Columbians Ahead of Their Time
 Milton Moran Weston II
Milton Moran Weston II "A banker-priest is really no more strange than an educator-priest or a social worker priest."

Milton Moran Weston II (1910–2002)
Activist
Columbia College 1930, PhD 1954, STD 1969 (hon.)
Trustee 1969–81

The longtime rector of one of Harlem's most prominent churches, M. Moran Weston also helped to found Carver Federal Savings Bank—the largest independent financial institution in the United States owned by African Americans—and provided housing for thousands of New Yorkers. A supporter of numerous progressive causes, Weston trained as a theologian in the 1930s and 1940s while employed as a social worker. All the while he wrote his "Labor Forum" column in the Amsterdam News and organized civil-rights rallies at Madison Square Garden. In the mid-1940s, Weston became associated with St. Philip's Episcopal Church, establishing an affiliated credit union in 1945. Two years later he became a real-estate broker, and in 1948 joined 14 others to charter the Carver Federal Savings Bank in order to help black homeowners obtain first mortgages. (Today, Carver boasts 530 million dollars in assets.) Weston became the rector at St. Philip's in the late 1950s, and in that capacity oversaw the construction of housing developments, a community center, a nursing home, and treatment centers, among other projects. He served on many charitable boards over the years, and upon his 1982 retirement became rector emeritus.

Weston enrolled at Columbia in 1928, one of five black undergraduates at the time. He received his degree in 1930, after which he studied at the General Theological Seminary in Philadelphia, the Union Theological Seminary in New York, and the New School for Social Research. He returned to Columbia in 1949, earning a PhD in social history in 1954. In 1969, he became Columbia's first African American trustee. To honor his contributions to the community, in 1998 the University established the M. Moran Weston II Distinguished Lecture in Urban and Public Policy.
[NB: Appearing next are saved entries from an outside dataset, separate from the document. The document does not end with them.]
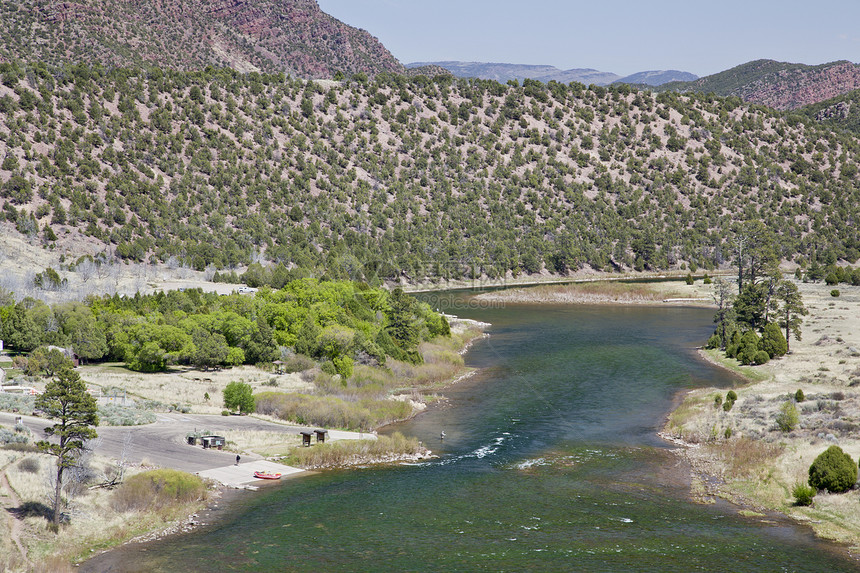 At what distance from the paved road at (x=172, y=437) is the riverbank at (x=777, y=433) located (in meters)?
24.5

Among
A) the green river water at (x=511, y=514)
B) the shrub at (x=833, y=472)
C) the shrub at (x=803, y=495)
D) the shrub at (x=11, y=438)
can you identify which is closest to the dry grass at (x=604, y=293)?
the green river water at (x=511, y=514)

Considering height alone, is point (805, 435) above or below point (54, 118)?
below

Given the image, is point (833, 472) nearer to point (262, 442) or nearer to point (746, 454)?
point (746, 454)

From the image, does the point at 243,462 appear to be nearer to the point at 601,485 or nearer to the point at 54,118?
the point at 601,485

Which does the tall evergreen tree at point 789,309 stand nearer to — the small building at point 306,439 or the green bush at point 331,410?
the green bush at point 331,410

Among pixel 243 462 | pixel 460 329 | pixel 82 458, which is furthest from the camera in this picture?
pixel 460 329

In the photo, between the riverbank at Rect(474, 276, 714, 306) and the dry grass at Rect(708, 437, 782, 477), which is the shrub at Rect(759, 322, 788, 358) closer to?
the dry grass at Rect(708, 437, 782, 477)

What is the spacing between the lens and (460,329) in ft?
367

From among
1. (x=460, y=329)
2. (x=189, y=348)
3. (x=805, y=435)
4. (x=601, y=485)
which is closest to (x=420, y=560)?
(x=601, y=485)

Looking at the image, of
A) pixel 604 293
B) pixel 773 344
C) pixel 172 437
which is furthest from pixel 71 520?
pixel 604 293

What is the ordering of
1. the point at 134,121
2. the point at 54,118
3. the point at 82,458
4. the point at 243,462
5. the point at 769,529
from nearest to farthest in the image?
the point at 769,529 < the point at 82,458 < the point at 243,462 < the point at 54,118 < the point at 134,121

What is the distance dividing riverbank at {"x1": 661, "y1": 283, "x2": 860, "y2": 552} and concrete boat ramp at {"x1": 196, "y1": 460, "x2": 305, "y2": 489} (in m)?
25.6

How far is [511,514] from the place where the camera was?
44.4 meters

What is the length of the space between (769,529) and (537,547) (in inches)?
495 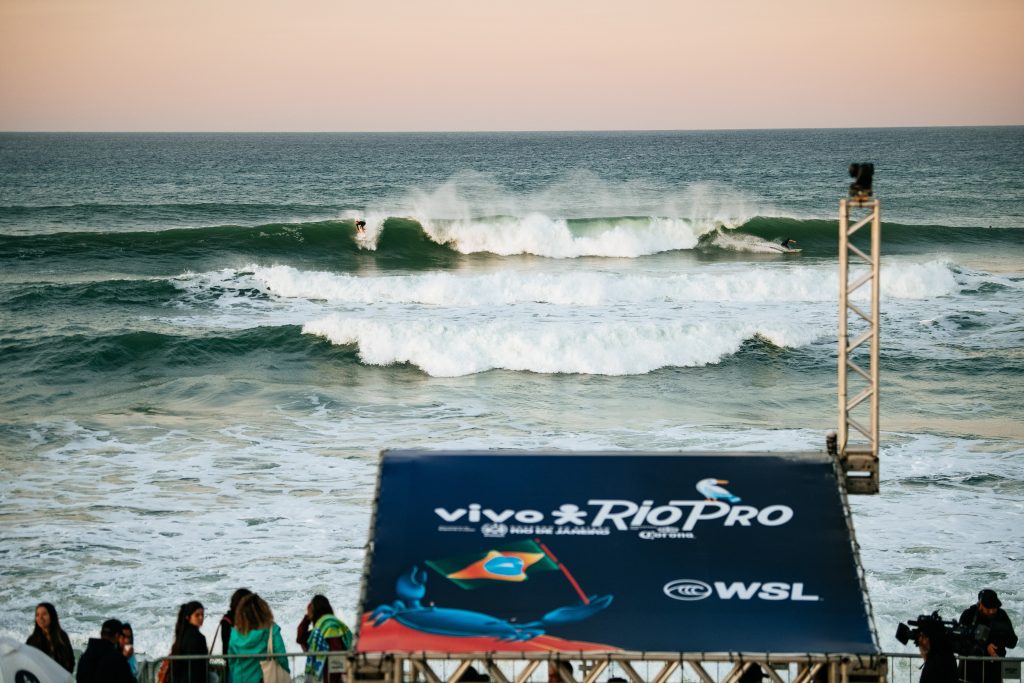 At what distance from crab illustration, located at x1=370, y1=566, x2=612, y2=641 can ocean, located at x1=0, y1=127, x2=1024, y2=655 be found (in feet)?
14.8

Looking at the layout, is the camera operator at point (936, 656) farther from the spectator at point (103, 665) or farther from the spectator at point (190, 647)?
the spectator at point (103, 665)

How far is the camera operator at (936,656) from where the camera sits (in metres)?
5.72

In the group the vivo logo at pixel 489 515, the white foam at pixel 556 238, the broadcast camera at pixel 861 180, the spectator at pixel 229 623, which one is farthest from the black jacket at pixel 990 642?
the white foam at pixel 556 238

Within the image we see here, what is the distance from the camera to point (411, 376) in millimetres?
20188

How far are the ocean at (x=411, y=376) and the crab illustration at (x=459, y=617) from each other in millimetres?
4509

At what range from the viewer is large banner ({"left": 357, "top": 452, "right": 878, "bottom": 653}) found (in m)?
5.04

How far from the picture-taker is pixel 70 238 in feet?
114

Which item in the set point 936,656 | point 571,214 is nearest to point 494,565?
point 936,656

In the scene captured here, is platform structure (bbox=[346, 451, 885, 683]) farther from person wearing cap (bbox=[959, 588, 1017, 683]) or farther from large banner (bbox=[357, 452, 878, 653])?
person wearing cap (bbox=[959, 588, 1017, 683])

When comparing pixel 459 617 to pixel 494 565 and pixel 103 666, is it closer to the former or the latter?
pixel 494 565

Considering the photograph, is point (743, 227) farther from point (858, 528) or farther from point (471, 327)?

The citation read in part, "To visit the streets of Harlem and Morningside Heights is to encounter the tangible results of your visionary work, whether it is a child-care center, housing for the elderly and mentally ill, a condominium high-rise or a business started with a Carver loan." Designed to bring public leaders to the School of International and Public Affairs to address the community on important domestic policy issues, the lectureship focuses on pressing concerns such as expanding home ownership and the changing economic base of American cities.